Release Notes RonDB 22.10.2#
RonDB 22.10.2 is the second release of the RonDB 22.10 series. It is the first 22.10 release which is integrated into the Hopsworks platform. In Hopsworks it is integrated into Hopsworks version 3.7.
RonDB 22.10.2 is based on MySQL NDB Cluster 8.0.34 and RonDB 21.04.16.
RonDB 21.04 is a Long-Term Support version of RonDB that will be supported at least until 2024.
RonDB 22.10 is a new Long-Term support version and will be maintained at least until 2025.
RonDB 22.10 is released as open source SW with binary tarballs for usage in Linux and Mac OS X. It is developed on Linux and Mac OS X and using WSL 2 on Windows (Linux on Windows).
RonDB 22.10.2 and onwards is supported on Linux/x86_64 and Linux/ARM64.
The other platforms are currently for development and testing. Mac OS X is a development platform and will continue to be so.
Description of RonDB#
RonDB is designed to be used in a managed cloud environment where the user only needs to specify the type of the virtual machine used by the various node types. RonDB has the features required to build a fully automated managed RonDB solution.
It is designed for appplications requiring the combination of low latency, high availability, high throughput and scalable storage (LATS).
You can use RonDB in a Serverless version on app.hopsworks.ai. In this case Hopsworks manages the RonDB cluster and you can use it for your machine learning applications. You can use this version for free with certain quotas on the number of Feature Groups (tables) you are allowed to add and quotas on the memory usage. You can get started in a minute with this, no need to setup any database cluster and worry about its configuration, it is all taken care of.
You can use the managed version of RonDB available on hopsworks.ai. This sets up a RonDB cluster in your own AWS, Azure or GCP account using the Hopsworks managed software. This sets up a RonDB cluster provided a few details on the HW resources to use. These details can either be added through a web-based UI or using Terraform. The RonDB cluster is integrated with Hopsworks and can be used for both RonDB applications as well as for Hopsworks applications.

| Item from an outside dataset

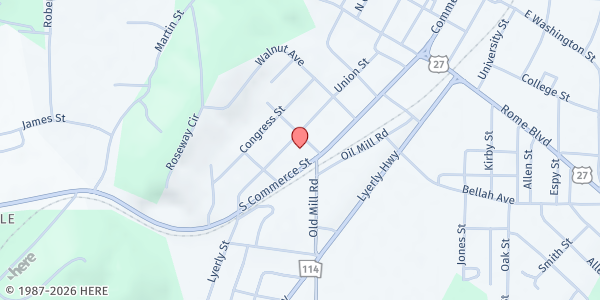 Map showing South Summerville Baptist Church at 440 Hwy 48, Summerville, GA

You can use the cloud scripts that will enable you to set up in an easy manner a cluster on AWS, Azure or GCP. This requires no previous knowledge of RonDB, the script only needs a description of the HW resources to use and the rest of the set up is automated.
You can use the open source version and use the binary tarball and set it up yourself.
You can use the open source version and build and set it up yourself.
This is the commands you can use to retrieve the binary tarball:
# Download x86_64 on Linux
wget https://repo.hops.works/master/rondb-22.10.2-linux-glibc2.28-x86_64.tar.gz
# Download ARM64 on Linux
wget https://repo.hops.works/master/rondb-22.10.2-linux-glibc2.28-arm64_v8.tar.gz
Summary of changes in RonDB 22.10.2#
RonDB 22.10.2 is based on MySQL NDB Cluster 8.0.34 and RonDB 21.04.16.
RonDB 22.10.2 adds 13 new features on top of RonDB 21.04.16, and adds 48 new features on top of MySQL NDB Cluster 8.0.34. In addition it adds a new product, the REST API Server that can be used to access data in RonDB using a REST protocol. The current version of this product is implemented in Go, a new version implemented in C++ is in development.
RonDB 22.10.2 fixes 23 bugs, in total this means that 25 bugs have been fixed in RonDB 22.10 and in total 173 bugs have been fixed in the RonDB.
Test environment#
RonDB uses four different ways of testing. MTR is a functional test framework built using SQL statements to test RonDB.
The Autotest framework is specifically designed to test RonDB using the NDB API. The Autotest is mainly focused on testing high availability features and performs thousands of restarts using error injection as part of a full test suite run.
Benchmark testing ensures that we maintain the throughput and latency that is unique to RonDB. The benchmark suites used are integrated into the RonDB binary tarball making it very straightforward to run benchmarks for RonDB.
Finally we also test RonDB in the Hopsworks environment where we perform both normal actions as well as many actions to manage the RonDB clusters.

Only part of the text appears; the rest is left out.